Я еду на лошадях в Ниццу и обратно, любуясь вновь небом, морем и сказочной прелести горами.

И снова любовь ко всему, что живёт и дышит, просыпается в моём сердце.

Последнюю часть пути до Монте-Карло я делаю уже при луне, когда, облитые таинственным голубым светом, громады гор встают как сказка, а с вилл, как привет, несётся аромат расцветающих ночью цветов.

Я возвращаюсь поздно, к обеду -- и иду обедать в hôtel de Paris, на веранду, чтобы посмотреть "самое блестящее, что есть в природе".

Рядом со мной la belle. О...., постаревшая, подурневшая, реставрированная насколько возможно.

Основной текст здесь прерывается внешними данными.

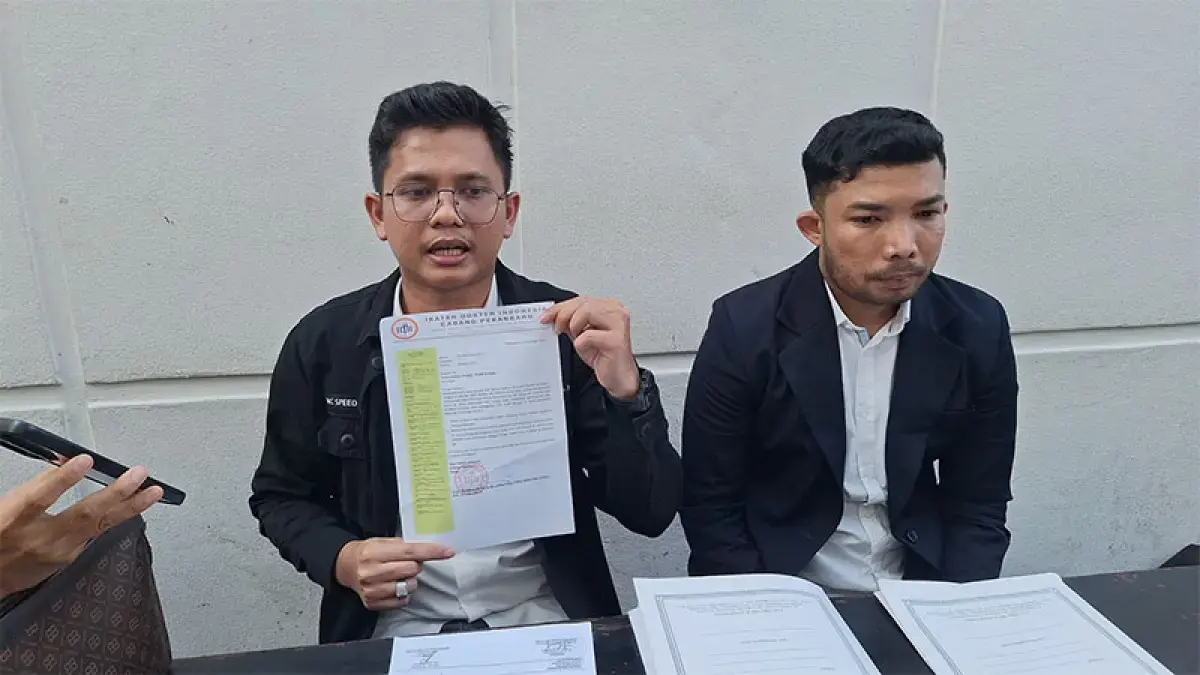 Kuasa Hukum Korban, saat menunjukan surat keterangan bahwa tersangka bukan merupakan seorang dokter, Selasa (28/4/2026). ISTIMEWA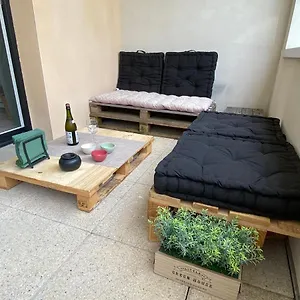 Superbe Appart 3 Avec Grande Terrasse , Bruz France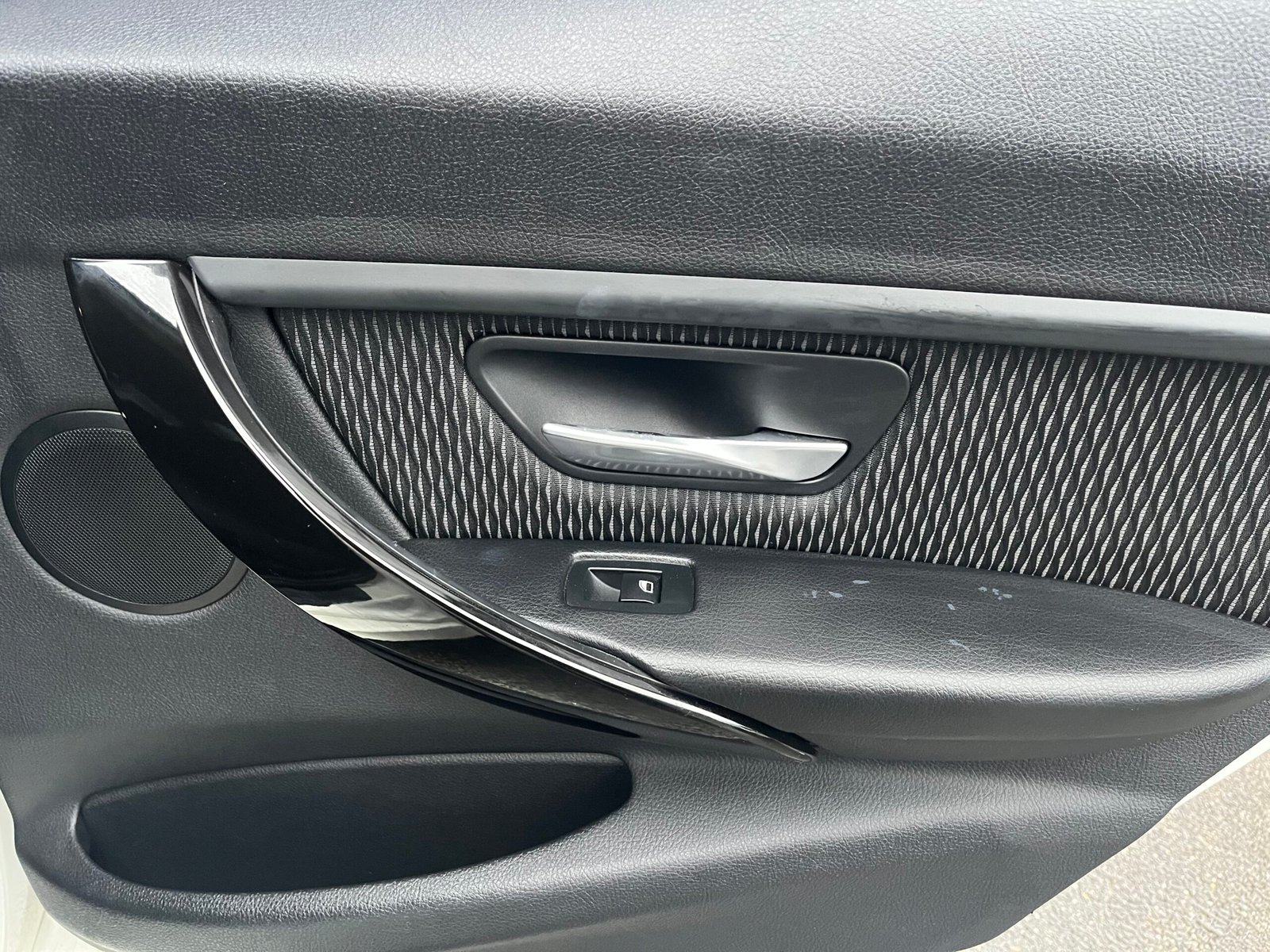 BMW Série 3 Pack Sport (F30) Berline 320i 2.0 16V 184 cv Boîte auto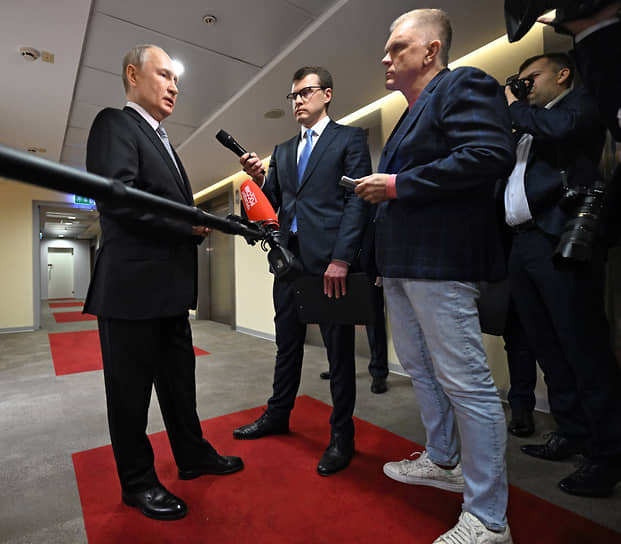 Владимир Путин встретил в коридоре журналистов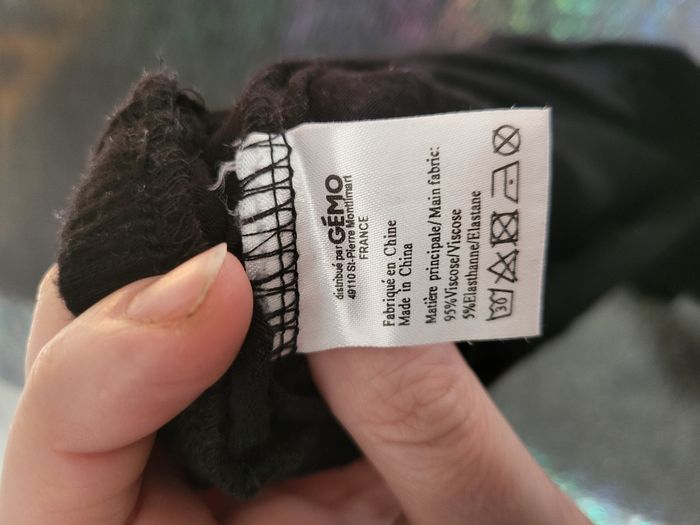 T shirt col V - photo numéro 2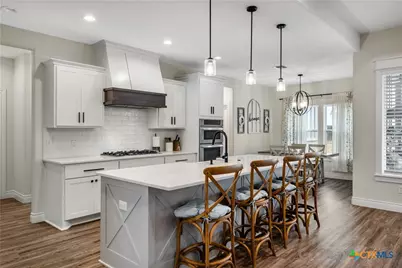 104 Beacon Lane, Victoria, TX 77904 - Photo 14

"La belle" -- звучит только, как старая фирма.

И скоро будут говорить:

-- Бывшая "la belle".

С ней русский.

Молодой человек, лет 35, с лысиной во всю голову. Si jeune et si biendecorè.

Лакеи перед ними сгибаются в три погибели. Им подают только всё самое дорогое, что есть.

Ему невыносимо скучно с ней. Ей нестерпимо скучно с ним.

За весь обед они перебросились только двумя фразами.

Она его за что-то ругнула.

Он что-то пробурчал невнятное.

Монте-карловские сплетни рассказывают, что "la belle" его разоряет, что он кругом в долгу, что телеграммы в Россию срочные летят каждый день и начали уж оставаться без ответа.

Слышали, как он однажды говорил приятелю:

-- Ты понимаешь, я её ненавижу! Она мне мерзка.

Но...

Но как же он, русский, спасует перед какой-то там французской кокоткой?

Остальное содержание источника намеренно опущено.